◆ **SUPPLIED MATERIAL**:
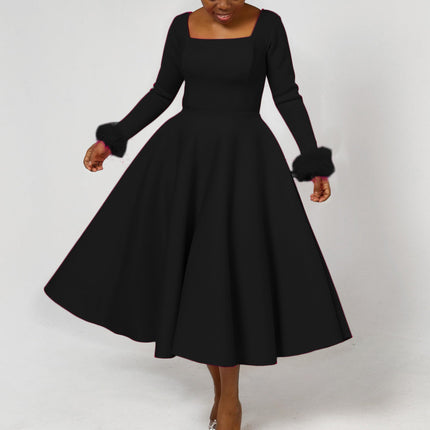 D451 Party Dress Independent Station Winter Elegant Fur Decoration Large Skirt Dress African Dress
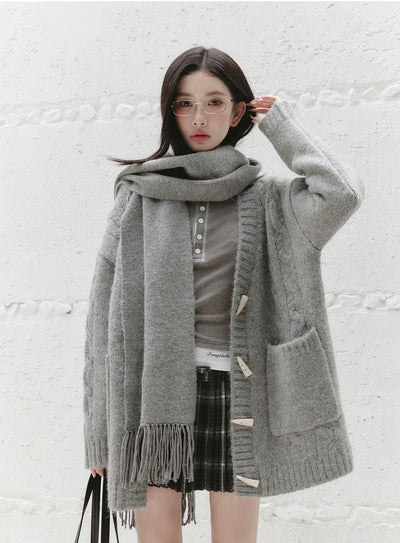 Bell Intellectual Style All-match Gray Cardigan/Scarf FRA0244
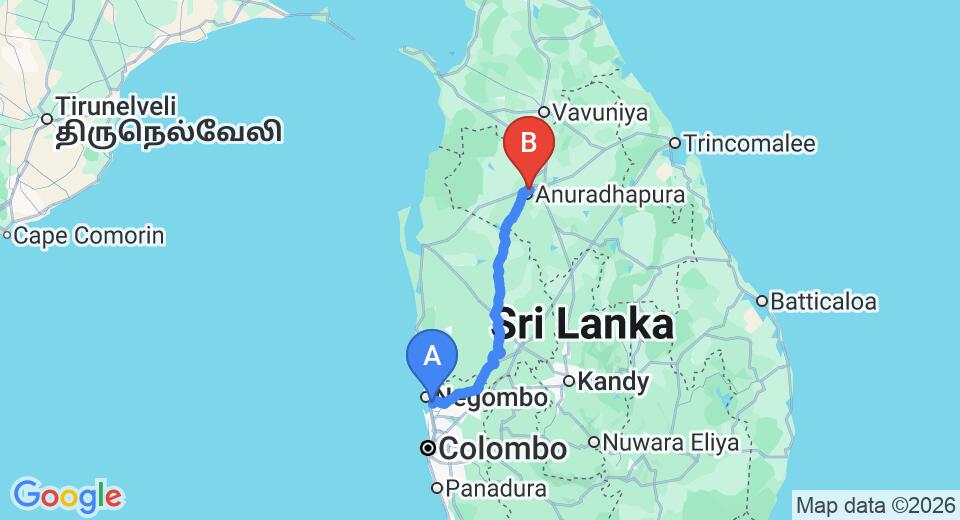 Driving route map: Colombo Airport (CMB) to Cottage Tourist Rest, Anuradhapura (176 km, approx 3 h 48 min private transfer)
--
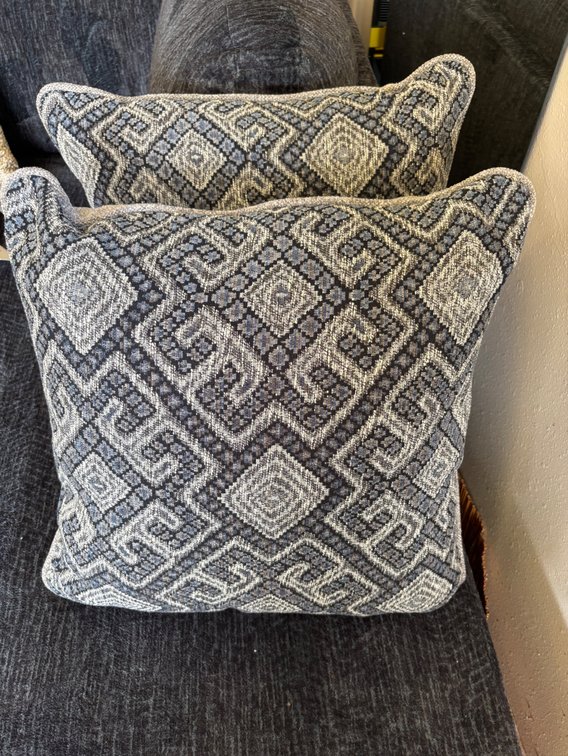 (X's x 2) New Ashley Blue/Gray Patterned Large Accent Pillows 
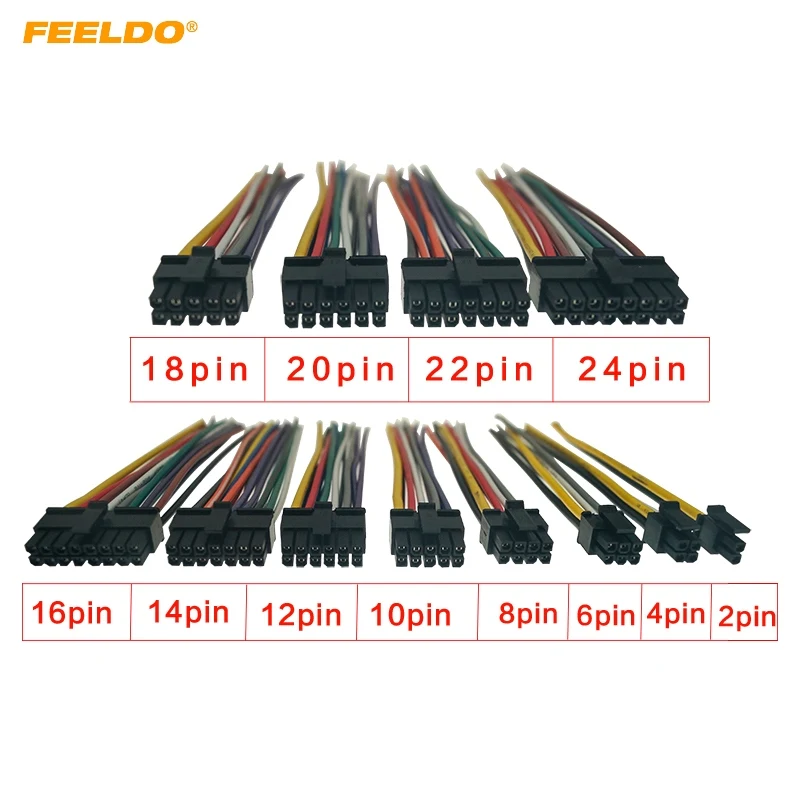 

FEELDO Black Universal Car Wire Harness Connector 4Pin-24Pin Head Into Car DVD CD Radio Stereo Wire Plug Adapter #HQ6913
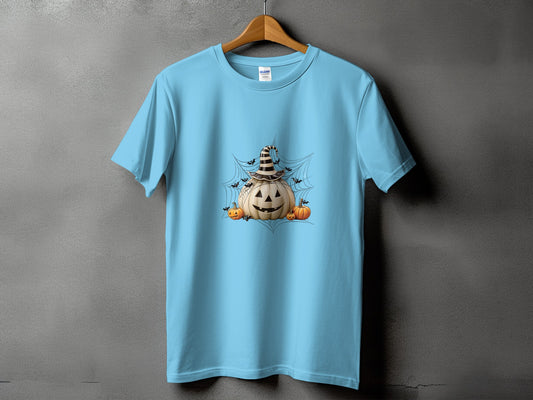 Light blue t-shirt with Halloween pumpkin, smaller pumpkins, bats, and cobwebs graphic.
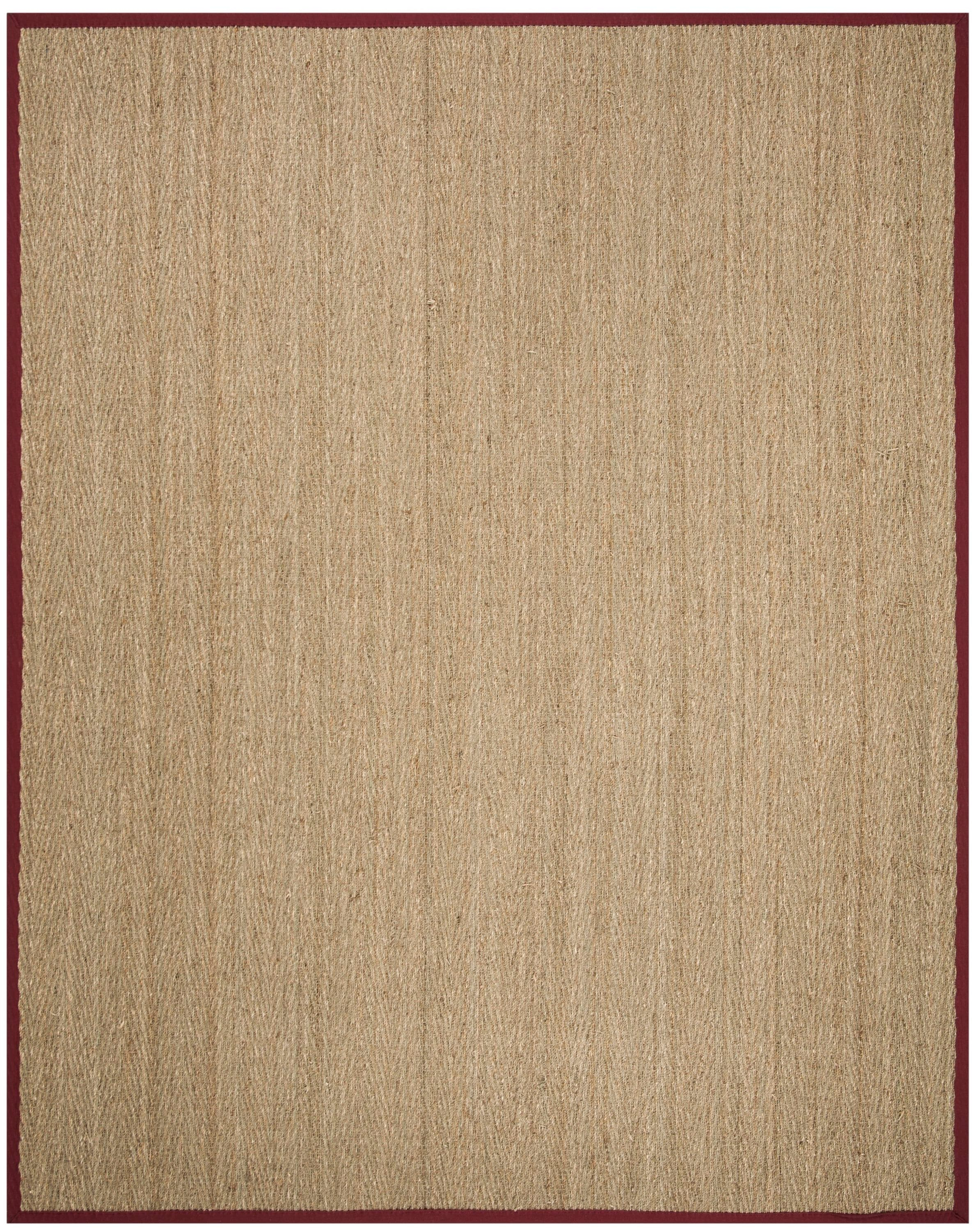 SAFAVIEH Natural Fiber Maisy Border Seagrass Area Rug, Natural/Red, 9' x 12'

◆ **WORK TO COMPLETE**:
Pictures aside, print exactly the lines above starting with the one containing "FEELDO Black Universal" and going on through the one containing "SAFAVIEH Natural Fiber".

◆ **OUTPUT FOR THIS EXERCISE**:
FEELDO Black Universal Car Wire Harness Connector 4Pin-24Pin Head Into Car DVD CD Radio Stereo Wire Plug Adapter #HQ6913
 Light blue t-shirt with Halloween pumpkin, smaller pumpkins, bats, and cobwebs graphic.
 SAFAVIEH Natural Fiber Maisy Border Seagrass Area Rug, Natural/Red, 9' x 12'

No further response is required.